2020年、私に孫が生まれたのを機に、ふとこのカメラを思い出し、孫を撮ってみました。

2020年に生まれた孫。最短撮影距離は約1mなので、これで精いっぱいアップの写真。



 

このカメラは完全機械式カメラで、作動に電池など使用していません。保管状態が良ければ、100年でも使うことができるでしょう。

 

元気でいれば、ひ孫を撮ることもできるかもしれません。

 

一度だけ、不具合(シャッターチャージするとシャッター羽根が開いてしまう)が発生しましたが、自力で分解・修理することができました。

そんなことができるのも、機械式カメラの良いところです。

リコーフレックス ダイヤのシャッター機構部。
撮影レンズを外して蓋を開けるとアクセスできる。
小さなバネが外れて不具合が起きていたが、ばねを引っ掛け直したら完全に元に戻った。



 

60年以上も前で、しかも庶民的な製品ですから単なるノスタルジー的カメラと思いがちですが、撮ってみるとその実力が意外と素晴らしいのに気が付きます。

 

リコーフレックス ダイヤというカメラ

フィルムカメラ / 製品 | RICOH IMAGING

リコーさんは、自社の旧製品をいまだにすべて紹介しているので、詳細は上記のオフィシャルサイトで確認できます。

 

私の感想ですが・・

1.リコーアナスチグマット80㎜/F3.5レンズの描写力が素晴らしい。

 ・解像力(シャープネス)が良い。

 ・カラーの再現性(発売当時は白黒が主体でした)もとても良い。

 ・ボケ味が素直で、シャープながらも優しい描写。

オールドレンズとは思えないほどシャープな描写。高いカラーコントラスト。
(絞りf=11 フジフィルム ベルビア100 成田山新勝寺門前通りにて撮影)

2.唯一無二の、フォーカスレバー方式。

 ・レンズの左右に突き出たレバーでピント合わせをする。

 ・微妙なピント調節がしやすい

   

二眼レフを持つとこんなレトロな景色にレンズを向けたくなる。
カメラをゆっくり構えて、フォーカスレバーを上下させ正確にピント合わせ。
(絞りf=5.6 フジフィルムベルビア100 成田山新勝寺門前通りにて撮影)

3.シャッターが、レバー式なので手振れが少ない

 ・二眼レフはミラーは動かないので、ミラーショックが無い。加えてこのカメラはシャッターを横にわずかに動かすだけでシャッターが切れるので、手振れの心配は少ない。

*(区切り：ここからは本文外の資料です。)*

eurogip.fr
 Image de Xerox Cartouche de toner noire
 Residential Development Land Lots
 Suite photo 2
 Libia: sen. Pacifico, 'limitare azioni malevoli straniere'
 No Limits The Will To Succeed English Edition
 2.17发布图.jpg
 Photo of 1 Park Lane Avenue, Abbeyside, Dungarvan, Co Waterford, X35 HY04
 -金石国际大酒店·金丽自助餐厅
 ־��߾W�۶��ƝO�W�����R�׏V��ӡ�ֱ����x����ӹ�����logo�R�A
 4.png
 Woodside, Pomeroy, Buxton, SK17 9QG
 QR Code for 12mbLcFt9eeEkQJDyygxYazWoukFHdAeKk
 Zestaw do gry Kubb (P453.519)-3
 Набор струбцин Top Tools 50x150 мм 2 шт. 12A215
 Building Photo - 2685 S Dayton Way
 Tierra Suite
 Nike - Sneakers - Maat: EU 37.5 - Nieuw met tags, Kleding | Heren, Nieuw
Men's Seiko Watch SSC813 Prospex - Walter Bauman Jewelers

カメラを両手で支えて胸に押し当てるようにしながら、シャッターレバーでシャッターを切る。とても小さい動作なので、スローシャッターでも安心して撮影できる。
成田山新勝寺門前通りの有名な鰻屋。窓に映る屋根と室内の照明を重ねて、この町並みならではの風情を表現したかった。)

4.レンズの周辺に各機能が集約されているので、操作は少々やりづらい。

 ・シャッタースピードの操作時に、絞りやシャッターを誤操作することがある。

正面の図。撮影レンズの周辺にシャッターダイヤル、シャッターレバー、シャッターチャージレバー、絞り、セルフタイマー、フラッシュ接点切り替えが集まっている。小さなパーツを操作するので、手袋しているとかなり操作しづらい。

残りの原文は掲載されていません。